USArtists International: Grants for Dance

OVERVIEW: USArtists International provides grants to music, dance, and theater artists to perform at well-regarded festivals and performing arts markets anywhere in the world.

IP TAKE: USArtists International provides travel grants that defray the costs of performers who showcase their acts abroad. Solo and ensemble dance performances are the primary beneficiaries of these grants, but grant seekers must be a non-profit entity (or fiscally sponsored by a reputable one). Grantees must be primarily based in the United States to receive funding.

PROFILE: USArtists International (USAI) is a program of the Mid Atlantic Arts Foundation in partnership with the National Endowment of the Arts, the John D. and Catherine T. MacArthur Foundation, the Howard Gilman Foundation, and the Andrew W. Mellon Foundation. It “supports performances by U.S. artists at important cultural festivals and arts marketplaces around the globe.”

USAI supports performers by defraying costs, which can be significant even for solo dance performances, let alone troupes. The program recognizes the scope of these expenses, and the grants will cover travel, housing, per diem, shipping, visa fees, and agents’ fees. USAI also requires grant seekers’ potential performance on the international scene to demonstrate “artistic merit”: What does this performance mean for professional development? What are the “significance” and the “quality” of the festival or performing arts market themselves? 

Grants go up to $15,000, but typically range from $1,000 to $10,000. USAI covers festival and performing arts markets, both of which need to be curated—meaning performers must be selected to perform; it is not open-entry. The festival or market also needs to be international in scope, a bill that either singularly touts American performing artists or represents performing artists from at least two countries beyond the host nation. The festival or performing arts market also has to program a “consistently high level of activity,” including performances, lectures, and workshops. Additionally, performers must be talented to garner a USAI grant. USAI states that it seeks “artistic excellence,” which it does not define. It will judge for itself when it reviews work samples and looks over a grant seeker’s performing resume. Past grantees include the Carolyn Dorfman Dance Company and the Lisa Fay and Jeff Glassman, among others. Dancers/ensembles must have 501(c)(3) status, or else be fiscally sponsored by a reputable non-profit agency.

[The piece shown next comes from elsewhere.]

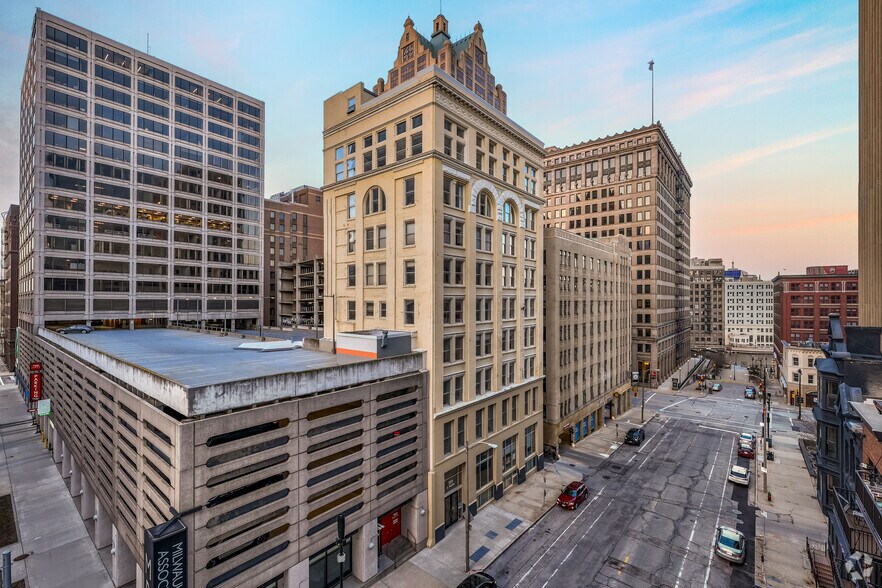 Primary Photo Of 225 E Mason St, Milwaukee Office Residential For Sale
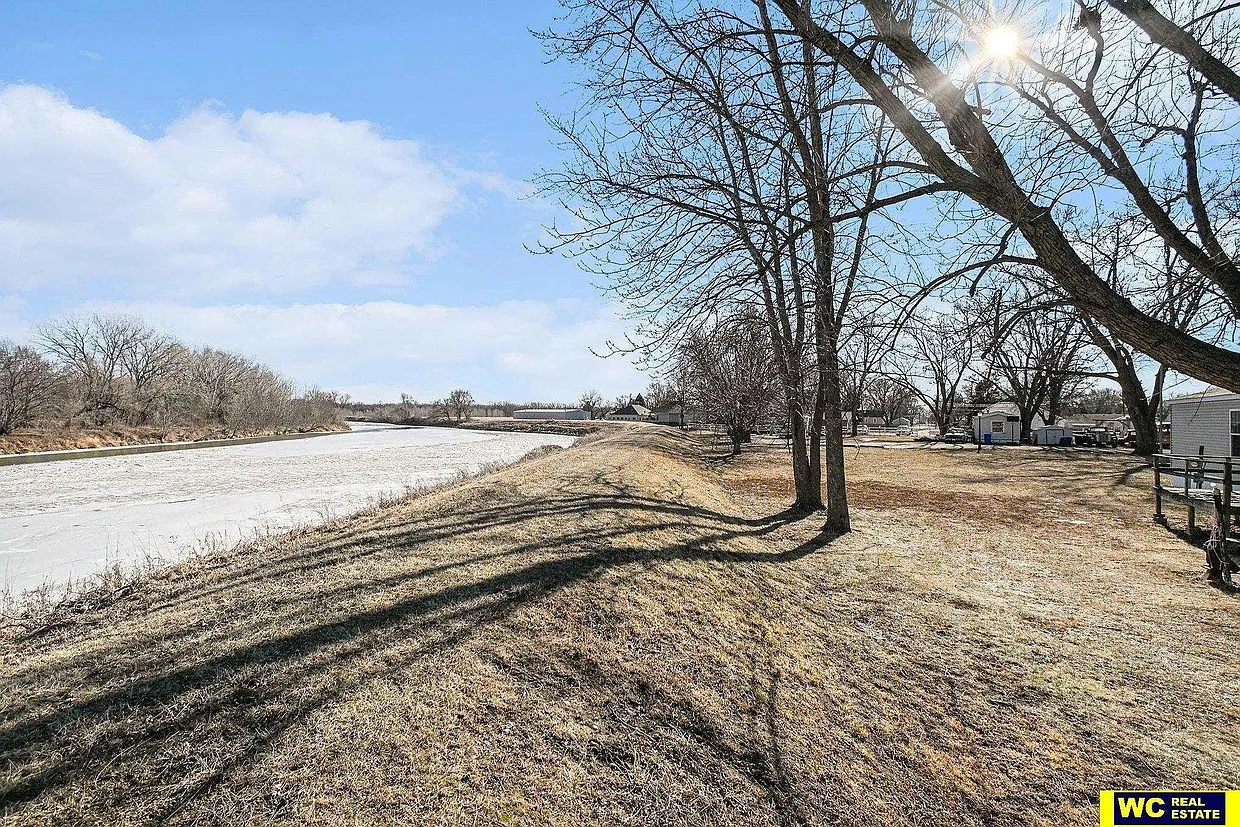 950 Bridge St — Photo 3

Lastly, USAI seeks diversity within all these forms of excellence and states: “Priority consideration is given to those application that are exemplary in meeting the review criteria and foster the program’s goals of broad domestic and international geographic representation as well as diverse aesthetic expression.”

Applications are online, and are administered by the Mid Atlantic Arts Alliance. There are three deadlines each year: in April, September, and December. Each deadline is synced with performances set to happen about three months later, and grant seekers will hear if they have received the grant about 10 weeks after each application deadline.